__Dataset excerpt__:
>>

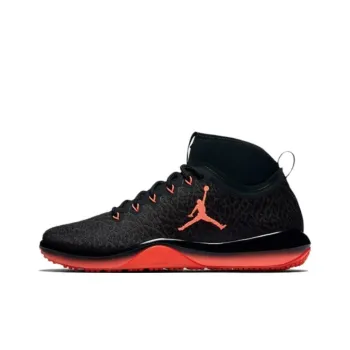 Jordan Trainer Mid Top Basketball Shoes Men's Black
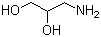 structure of CAS# 616-30-8, 3-Amino-1,2-propanediol;1-Amino-2,3-propanediol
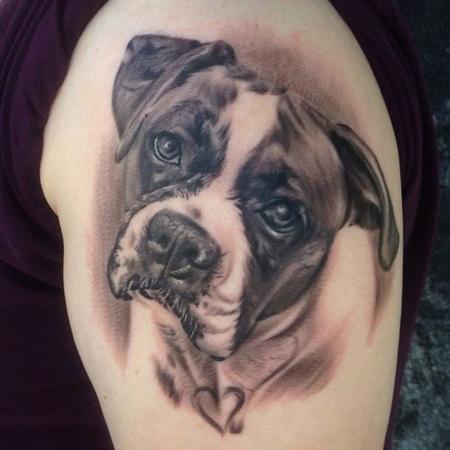 Oak Adams - Dog Portrait Tattoo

<<

__Exercise requirements__:
Set aside the pictures. Then return every line of the material above verbatim.

__Solution__:
 Jordan Trainer Mid Top Basketball Shoes Men's Black
 structure of CAS# 616-30-8, 3-Amino-1,2-propanediol;1-Amino-2,3-propanediol
 Oak Adams - Dog Portrait Tattoo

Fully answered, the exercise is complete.